Sowas sollte verboten werden. Die warten doch nur darauf, irgend jemanden ans Telefon zu kriegen der sofort einknickt, und wenn es Oma Erna ist die nix davon weiss was der Opa so im Internet macht... :wall:


----------



## webwatcher (9 Januar 2009)

*AW: Probenking.de auferstanden? / Inkassounternehmen Prodefacto*

Probenking ist eines  der ältesten Themen im Forum. (2004) Namen vergehen, Methoden bleiben bestehen..

http://forum.computerbetrug.de/allgemeines/32866-probenking-und-kein-ende.html#post67204


----------



## Pitman (26 Januar 2009)

*AW: Probenking.de auferstanden? / Inkassounternehmen Prodefacto*

Hallo,
auch ich habe ein schreiben der selben "Art" bekommen..
Gleiches Spiel...angemeldet 2003, gekündigt (per Mail)

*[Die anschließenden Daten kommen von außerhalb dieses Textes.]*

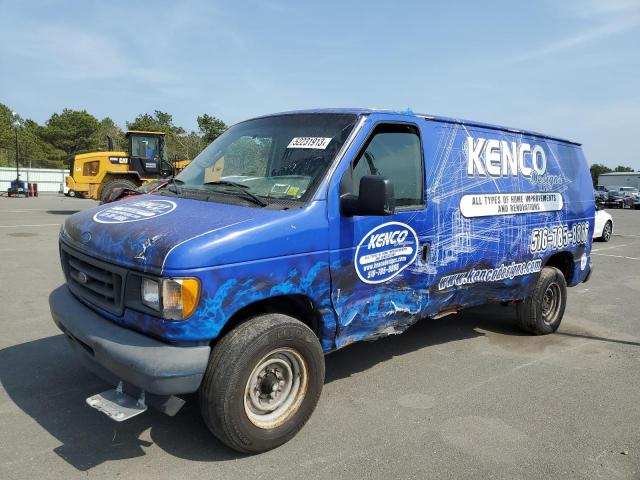 2003 Ford Econoline Cargo Van 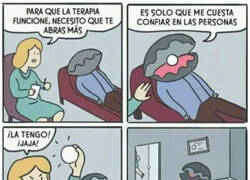 Enlace a Y por eso siempre están cerradas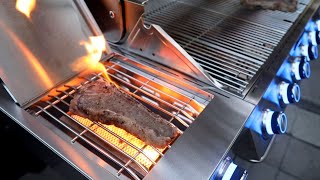 Everything You Need To Know About Searing On A Gas Grill [upl. by Aciraa]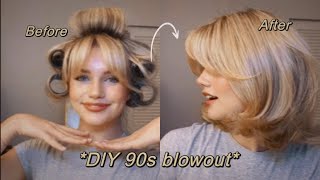 Butterfly Layered Haircut Tutorial Using Only 3 Ponytails  Easy To Follow [upl. by Schilt]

Nie etwas von Probenking gehört...oder gesehen...
...und ab 11/2008 das Inkaso an der Backe,

Immer wiedersprochen...immer neue Mahnungen bekommen.

Meine Frage an alle:
Habt Informationen ob es schon eine Sammelklage gegen Pobenking gibt?
Habe noch einen "alten" Screenshot auf dem viele Artikel abgebildet sind 
deren  Markenrechtsinhaber bestimmt nicht das OK gegeben haben das Probenking diese verwenden darf!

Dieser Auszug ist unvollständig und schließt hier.